The gaming supply company reported revenues of $13.4 million, an 8.8 percent increase over the $12.3 record for the same period last year. Shuffle Master specializes in providing innovative products and services to the casino industry.
"We have about 15 games in the works," Yoseloff said during a conference call last Thursday. "We have a 10-year history of expansion and growth. Our expanded business in the UK (United Kingdom) has a lot to do with our record revenue."
Shuffle Master did receive one bit of bad news when a federal judge ruled in favor of rival gaming supplier Vendingdata Corp, stating that the sale of card shufflers did not infringe on gaming patents.
The setback did not blunt the enthusiasm of Shuffle Master chief financial officer Gerald Koslow, who said his company was continuing to work with regulators to produce the best games. Shuffle Master was ranked as the 32nd best small company in America by Forbes magazine in its 2001 survey.

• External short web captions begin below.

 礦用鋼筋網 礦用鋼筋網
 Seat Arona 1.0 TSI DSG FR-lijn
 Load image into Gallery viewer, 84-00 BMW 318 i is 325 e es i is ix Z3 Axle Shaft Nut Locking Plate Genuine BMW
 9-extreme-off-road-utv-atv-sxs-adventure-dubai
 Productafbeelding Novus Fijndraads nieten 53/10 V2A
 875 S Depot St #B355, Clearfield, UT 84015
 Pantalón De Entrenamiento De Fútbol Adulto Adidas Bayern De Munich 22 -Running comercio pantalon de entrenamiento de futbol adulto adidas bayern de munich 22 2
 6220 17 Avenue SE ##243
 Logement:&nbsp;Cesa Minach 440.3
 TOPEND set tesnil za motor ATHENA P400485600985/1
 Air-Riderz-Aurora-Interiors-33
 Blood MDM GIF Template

"Technology is way more complicated than 10 years ago," Koslow said. "There is so much testing because regulators want to see machines made that provide a fair gamble for customers."
Highlights of the second quarter included:
slot games up 48.7 percent over the second quarter of 2001.

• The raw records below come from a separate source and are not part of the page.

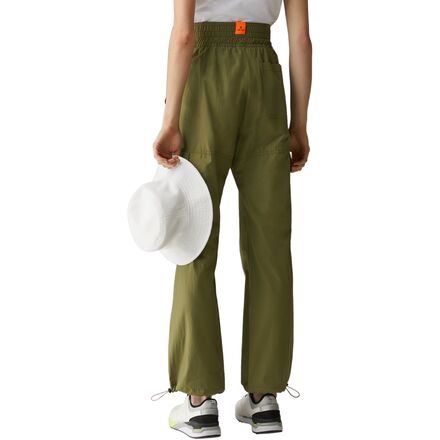 Bogner - Fire+Ice - Alessa Pants - Women's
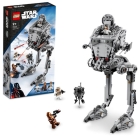 LEGO 75322 Hoth AT-ST, slechts: € 49,99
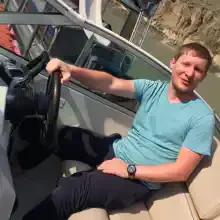 Андрей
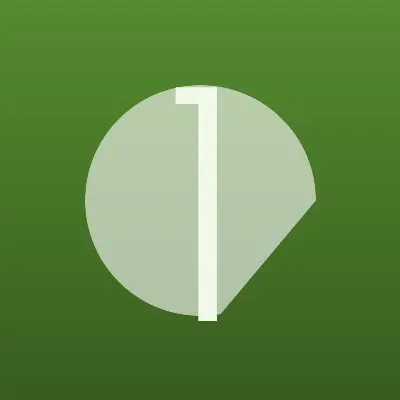 Визитка: ИнтерПроф, производственно-торговая компания в Уфе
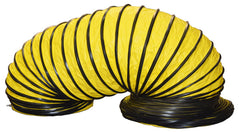 300463605.jpg
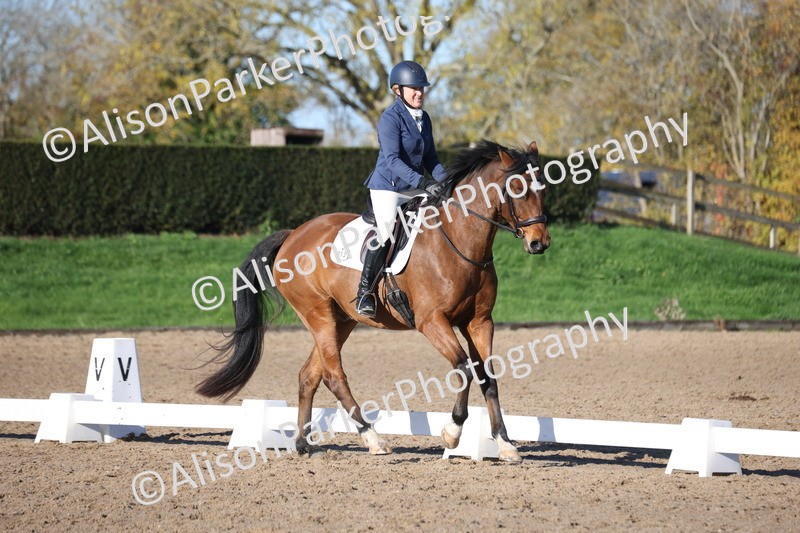 20251102-0420 - Class 3 - Novice 5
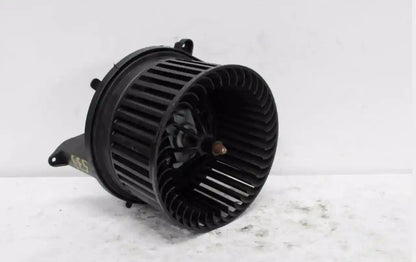 MINI, Cooper Heater Fan Motor R55/R56/R57/R60, 03/07-12/16 J17181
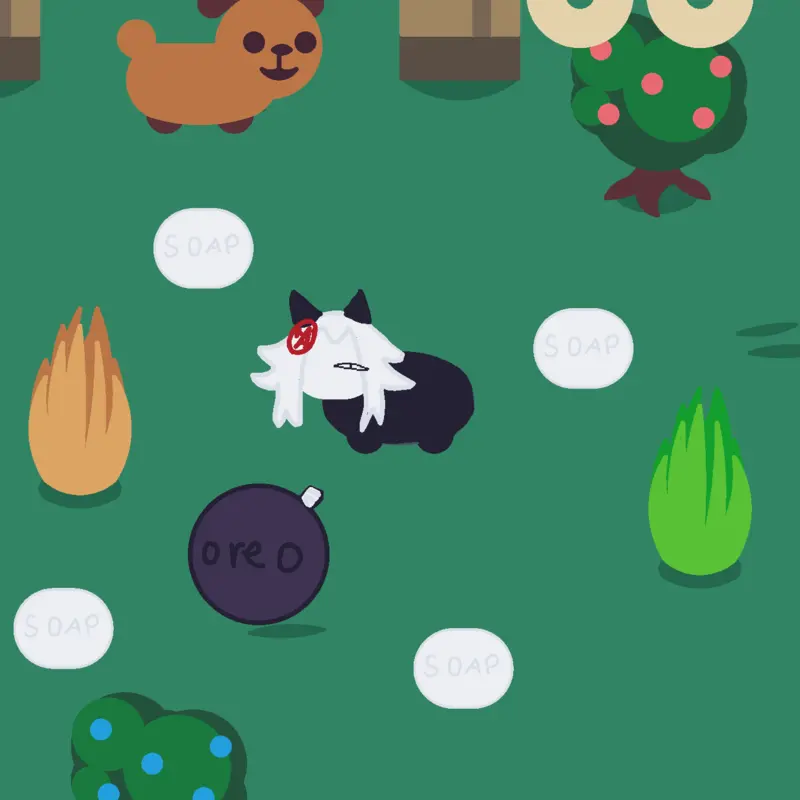 Game by @fan_fpe104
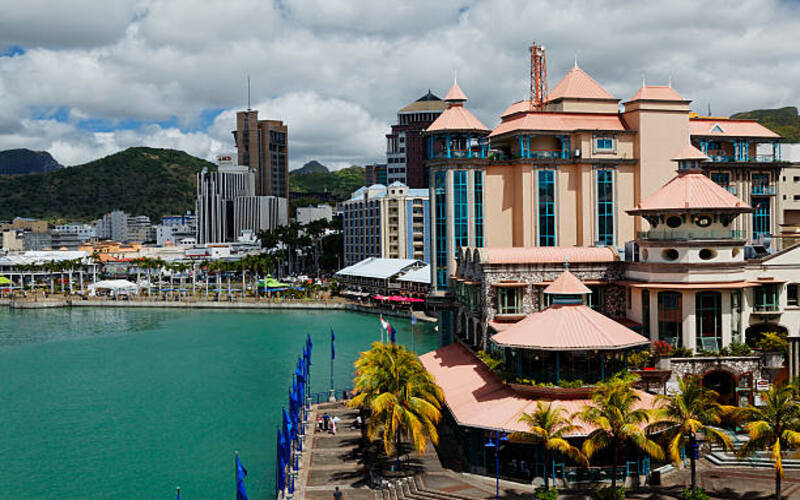 Top 7 Must-Visit Places in Mauritius for First-Time Travelers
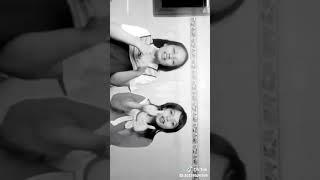 TIKTOK ochi(5)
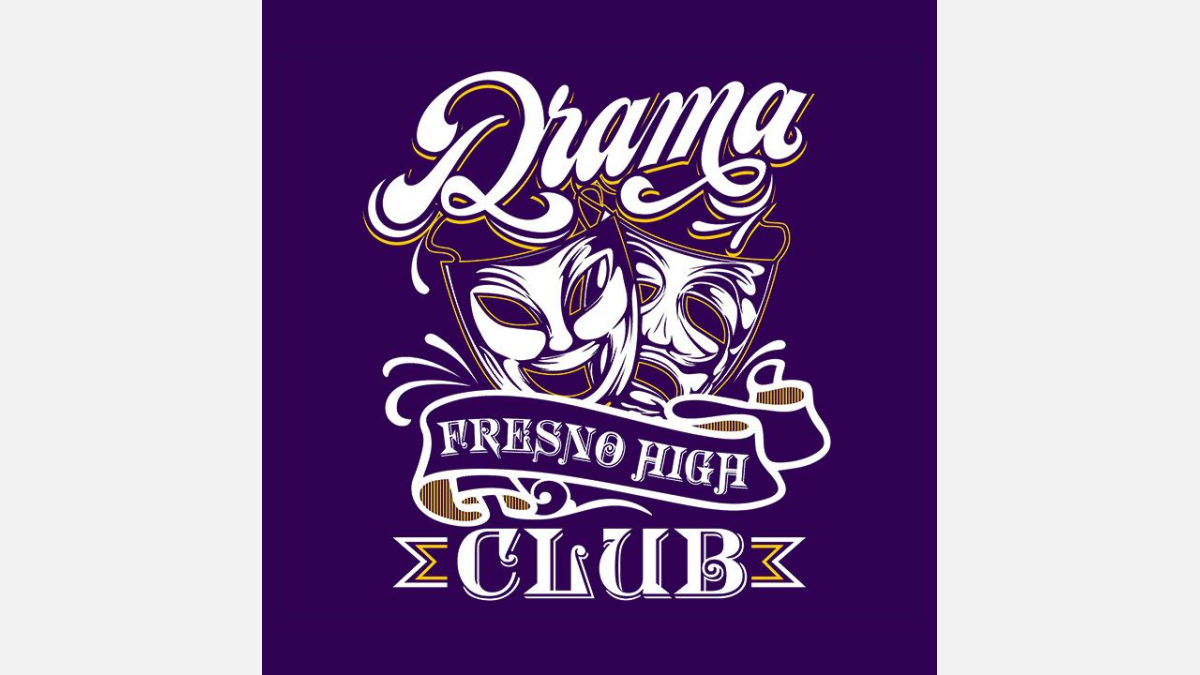 Support our Theatre Program!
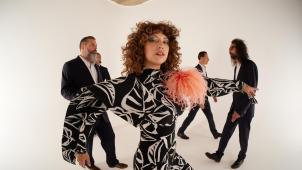 Press Pic 1 credit Victor Pattyn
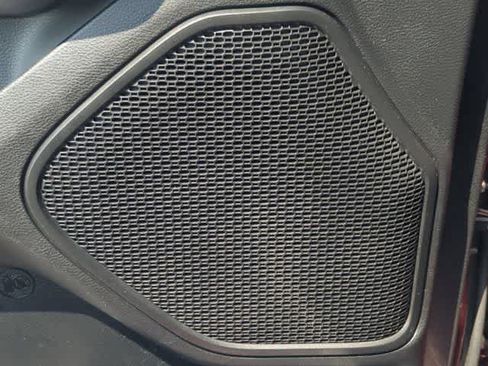 Certified 2019 RAM 1500 Big Horn AWD/4WD image 29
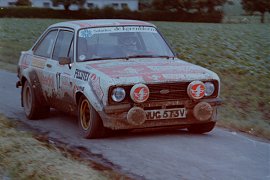 Klik op de afbeelding voor een grotere versie

Naam:  17 = Patrick Snijers – Eric Symens Escort RS1800.jpg‎
Bekeken: 180
Grootte:  66,9 KB
ID: 18579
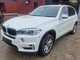 bmw-x5-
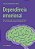 Dependência emocional - Imagem 1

table games up a record 1,374 units, a rise of 19.8 percent from the second quarter of 2001.
cash and investment balances up to $26.9 million as of April 30.
- recurring revenue producing Shuffle Master’s 18th consecutive quarterly increase.
"Our Three Card Poker price was increased to $11.95 on April 1, which reflected on the table game revenue exceeding a record $4.3 million," Yoseloff said. "We are developing a Five Card, Crazy For Poker game, and have about 15 other new games and titles in the works."
Yoseloff also announced that the company was developing machines around The Hulk, Video Keno and Spiderman, and an IGT upgrade kit with a cap of 15,000 machines.
"Our company is rock solid," he said. "We had a few one-time medical and legal expenses, but we should be past those now."
Koslow said the process of "tweaking" is ongoing, but that the company is pushing forward with a "business as usual" focus.
"We are out kissing frogs," he said. "We haven’t found our prince yet, but we are getting there."